You’re right, Teresa: Flipping on your range hood (or stovetop vent, if you prefer) will indeed make your AC or heater work harder, depending on the season. If you have the type that shoots your kitchen air outdoors — and I hope you do, as it’s much more effective than a ductless hood that merely recirculates air around your home — that air needs to be replaced with an equal volume from outside. When it’s hot out, the fresh air sneaking in through the cracks of your windows and doors will need cooling, and vice versa in winter. It’s the same thing that happens when you turn on your bathroom fan.
And if you have a tightly buttoned-up, well-insulated home, running a powerful range hood can cause an unfortunate phenomenon called backdraft, in which that makeup air can’t get in through the usual nooks and crannies and instead gets sucked in via your chimney or water-heater flue — bringing soot and contaminants along with it. (Adding or adjusting dampers on these systems can help.)

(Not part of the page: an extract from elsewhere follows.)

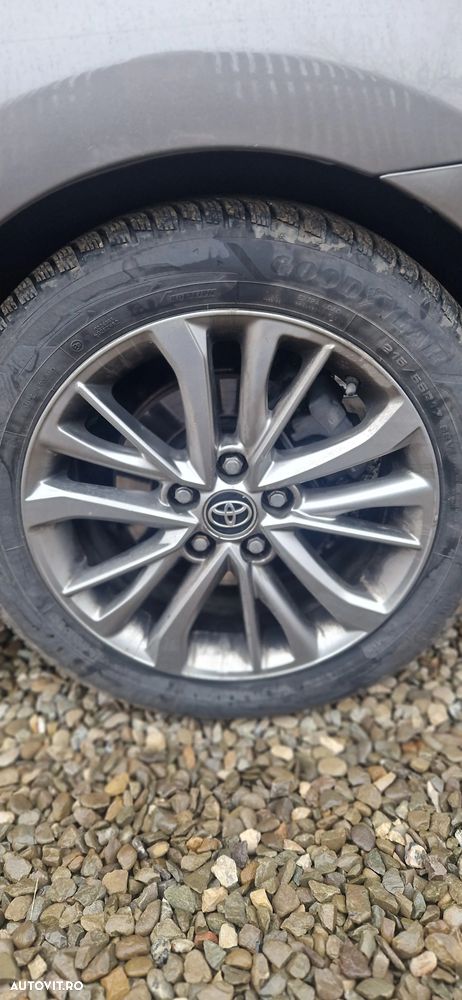 Toyota Avensis 2.0 D-4D Executive - 3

But even so, I still urge you to use that vent. That’s because a lot more is coming off of your stovetop than heat and the odors from your stir-fry. Gas stoves, with their open-flame combustion, can create dangerously high levels of nitrogen dioxide, carbon monoxide, formaldehyde, and particulate matter. How high? Recent studies have measured pollutant levels that would violate environmental standards if they were found in outdoor air. These icky fumes can exacerbate or cause respiratory and heart problems, just as if you were inhaling them in smoggy city air, and they’re especially problematic for kids and the elderly.
You’re not home free with an electric stove top, either: Cooking itself, on any type of range, emits particulate matter and an irritating substance called acrolein. It’s not the sort of stuff you want hanging around your kitchen — better to whisk it away with a flick of the vent switch. You’ll use a bit more energy, but it’s a justified use in my book. Of course, you don’t want to go nuts; turn off the hood when you’re done cooking, and use an Energy Star–certified model if you can.

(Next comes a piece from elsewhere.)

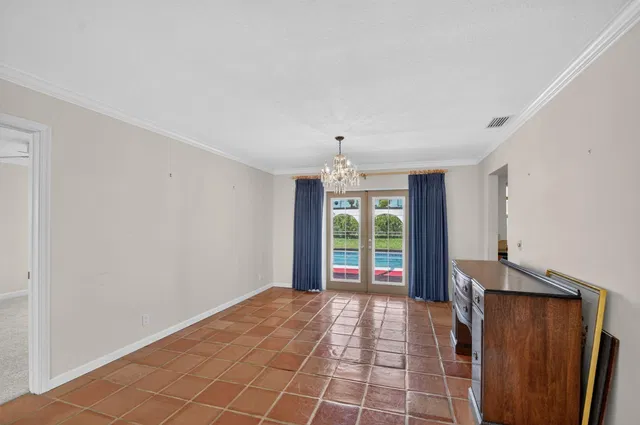 Residence photo 12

And what if you have one of those ductless recirculating fans, you ask? Don’t despair: Such models usually have a charcoal filter that traps at least some of the nasties your pancake recipe has unleashed. If the weather cooperates, it’s also a great idea to open a window while you’re in chef mode. Or you can grill outdoors, where pollutants can disperse and extra cooking heat won’t be an issue for your AC. And there’s always the raw food diet. I do so love a nice bowl of cold peanut soup, don’t you?